On 20 November 2012, the European Parliament approved amendments to the European Commission's draft legislative proposals for the reform of the Brussels I Regulation (the “Regulation”) which determines which national court has jurisdiction in cross-border cases and how court judgments in one EU Member State are recognised and enforced in another.

Arbitration has traditionally been exempt from the Regulation, but such exemption was called into question following the controversial decision of the ECJ in West Tankers in 2009 which held that, while an anti-suit injunction concerning arbitration would normally fall outside the scope of the Regulation, an English court could not curtail the jurisdiction of the Italian courts by restraining parallel litigation in order to uphold an arbitration agreement which provided for arbitration in London.
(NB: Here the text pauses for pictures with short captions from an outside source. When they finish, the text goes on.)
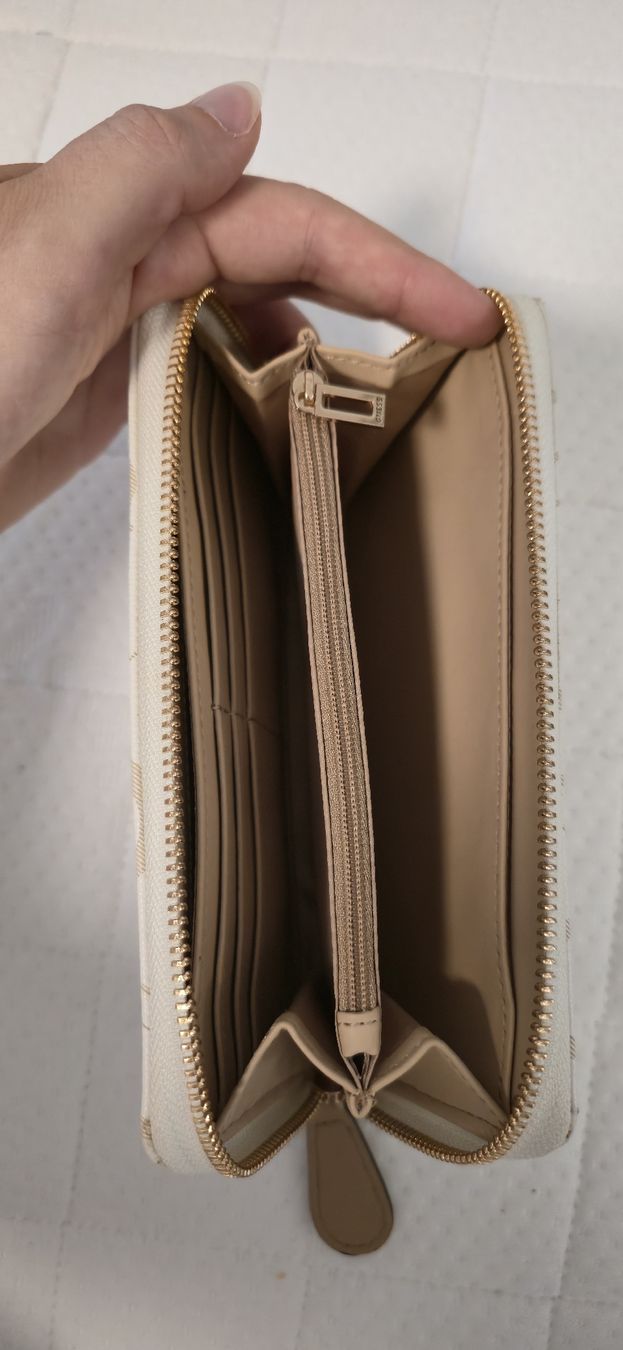 Guess Portemonnaie: Guess Portmonnaie – Neu (gemäss Beschreibung) aus Rothrist von lwagner7 1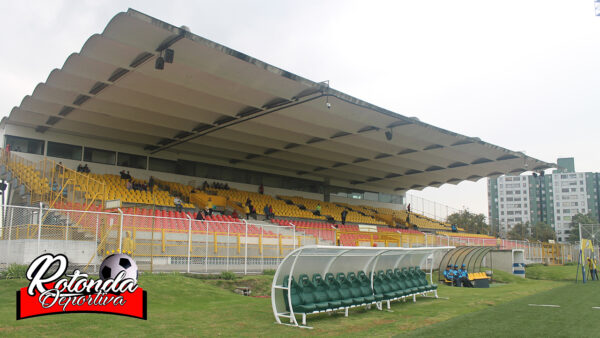 ESTADIO DE TECHO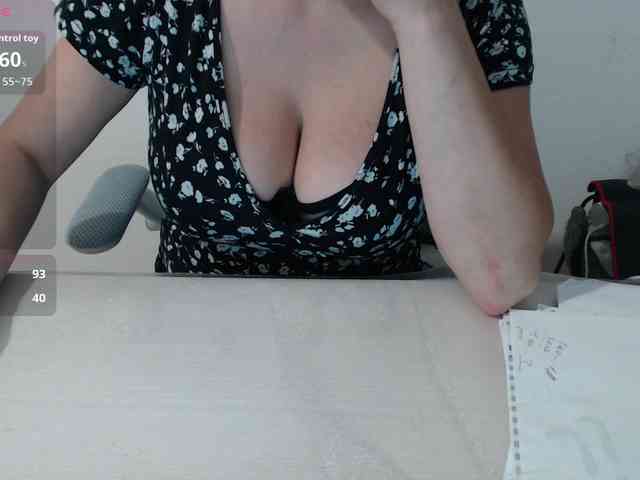 Model: CrazyTitsBest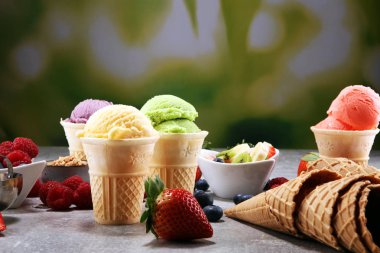 Farklı renk ve lezzetleri meyveler, fındık ve meyveleri ve vanilya dondurma kepçe kümesi 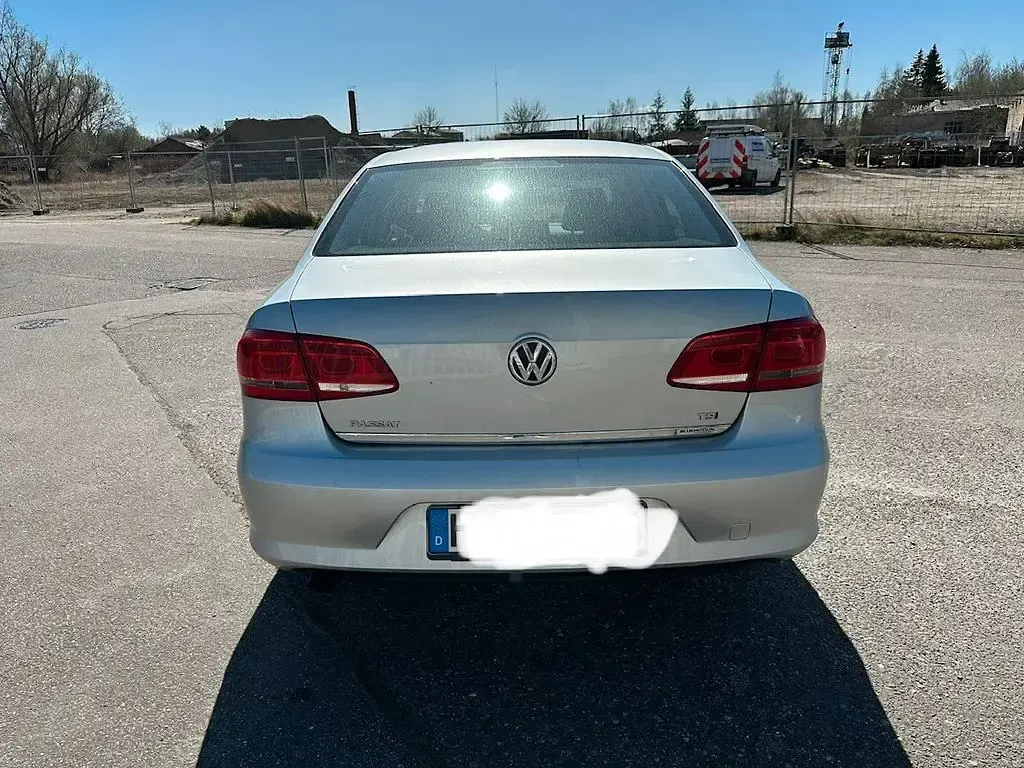 Gebraucht VW Passat 122 PS (89 kW) 2012 Silber Limousine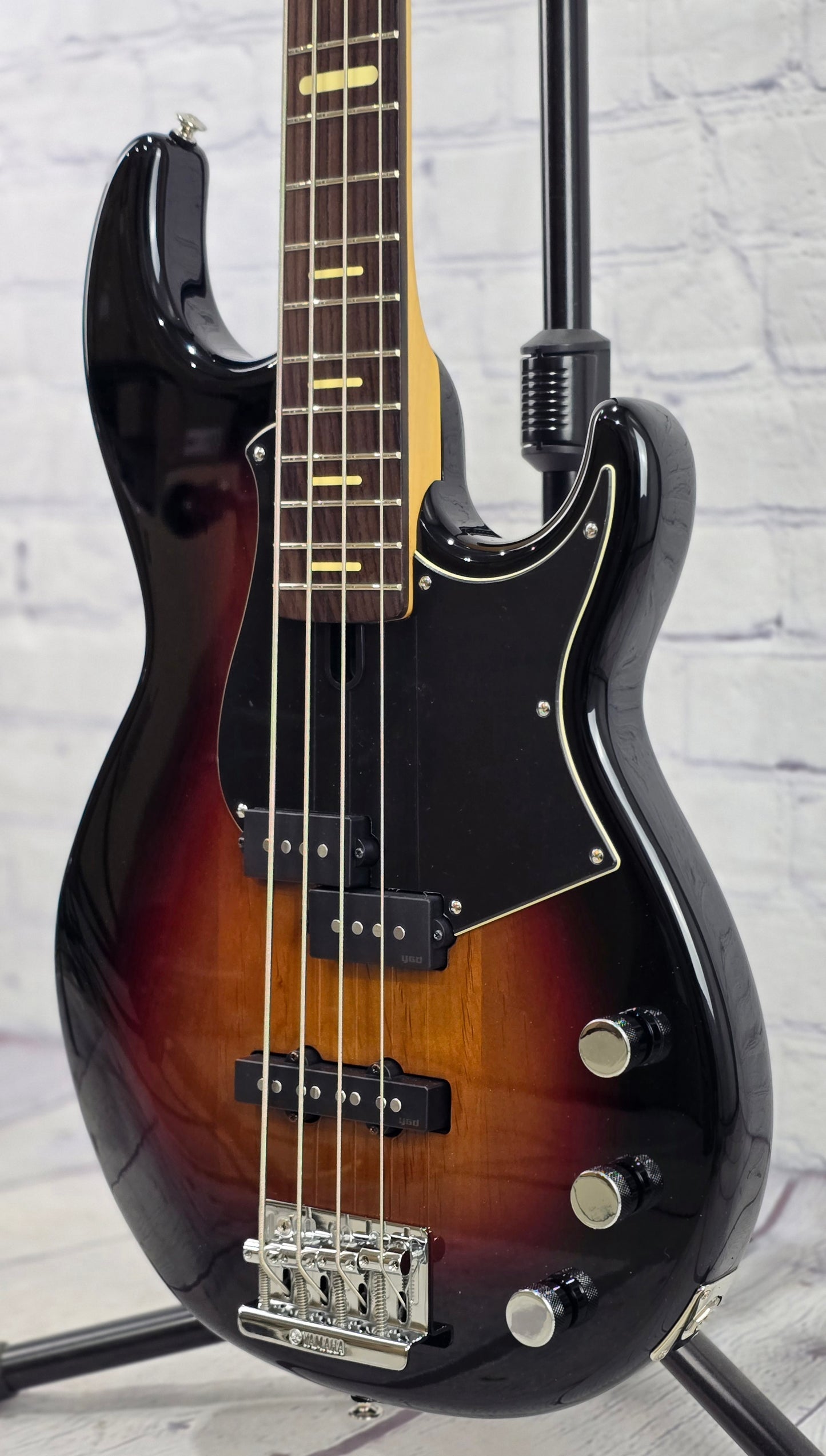Yamaha BBP34II VS Professional 4 String Bass Vintage Sunburst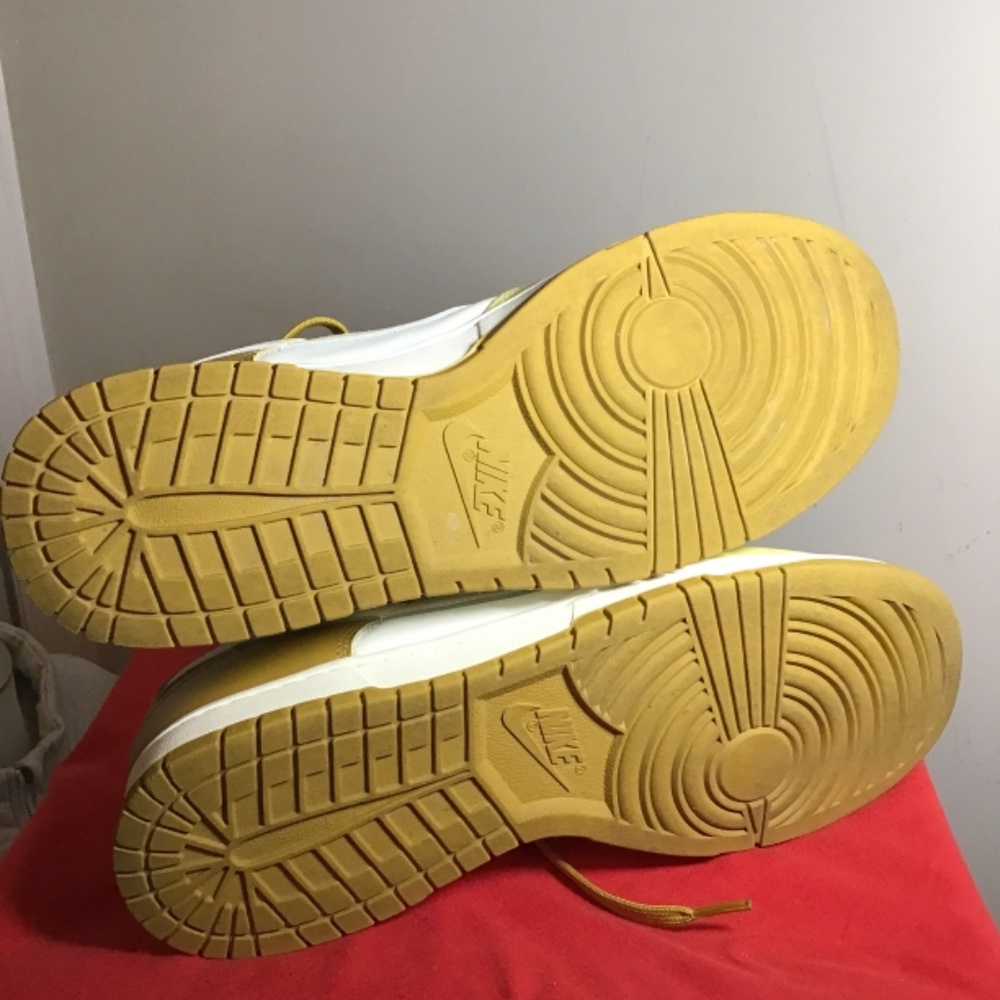 😎Nike’s bronze low dunk, great condition, size 11, see photos, 🔥🔥 - Picture 6 of 6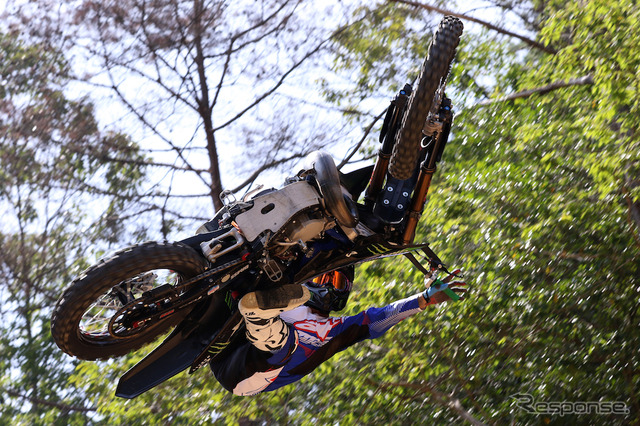 華麗なジャンプトリックを決めるアルパインスターズ着用のFXMライダー。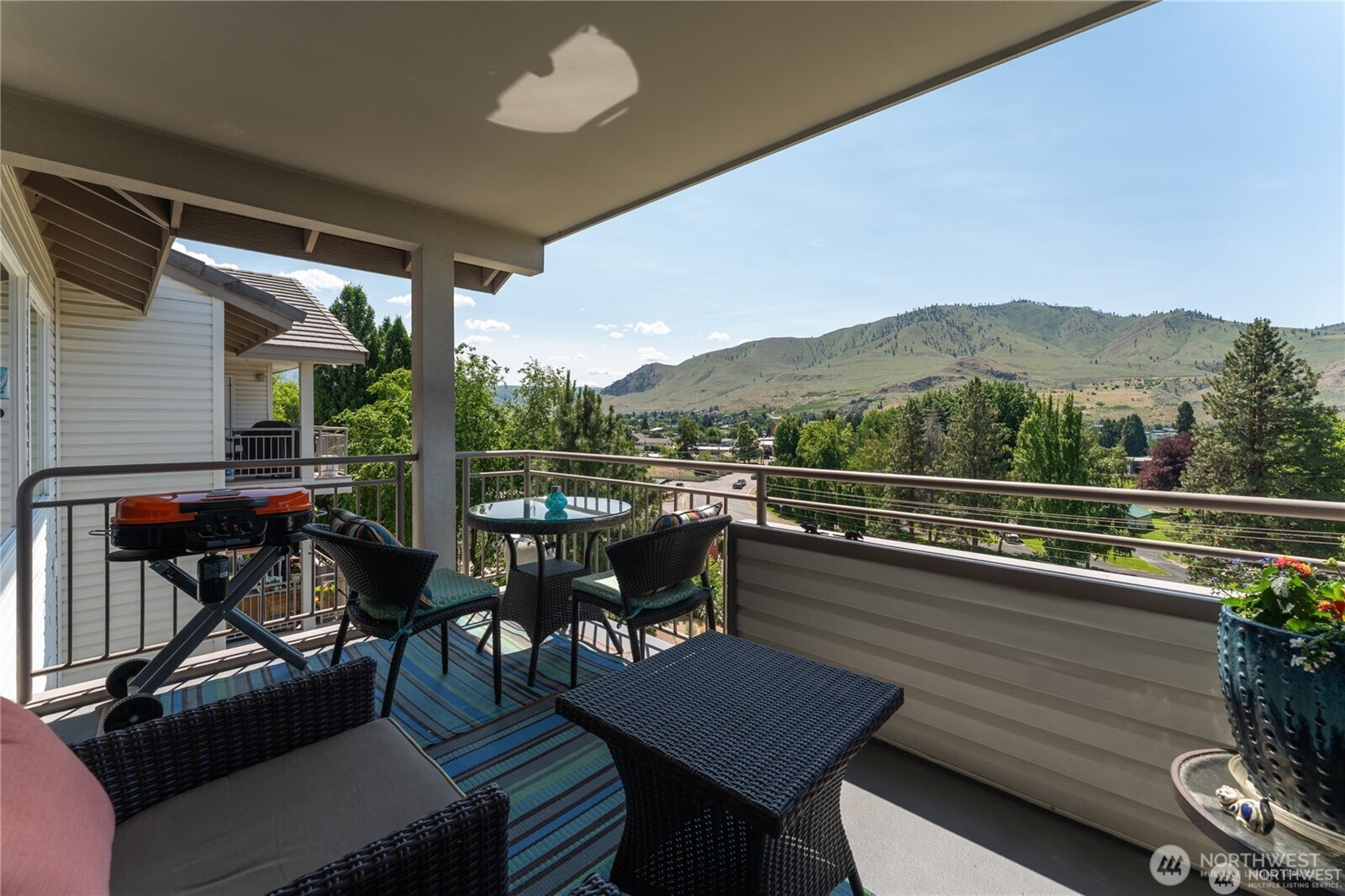 808 W Manson Highway Chelan WA 98816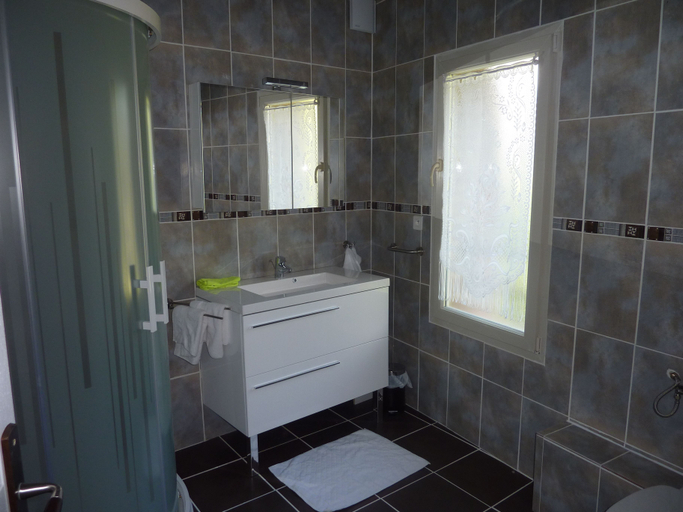 Bathroom, Domaine De La Tannerie chambres d'hotes et appartements, Pyrénées-Orientales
The decision of the ECJ in West Tankers created uncertainty for parties to arbitration agreements where the seat of arbitration is in an EU Member State.  The decision was arguably inconsistent with the principles of the New York Convention, which applies in all EU Member States and over 120 other jurisdictions, and states that if there is a valid arbitration clause, the court is obliged to refer the matter to arbitration.  Commentators have argued that a reform of the law would be required to ensure that businesses continue to choose European arbitration centres to resolve their disputes.

In its draft proposals, the European Commission maintained that arbitration should remain exempt from the Regulation, but has inserted a lengthy new recital that clarifies the extent of the arbitration exception and underlines the fact that the New York Convention should ultimately be given precedence. Among other things, the recital expressly preserves the right of courts of Member States (whether first seised or not) to make rulings on issues such as the validity of arbitration agreements.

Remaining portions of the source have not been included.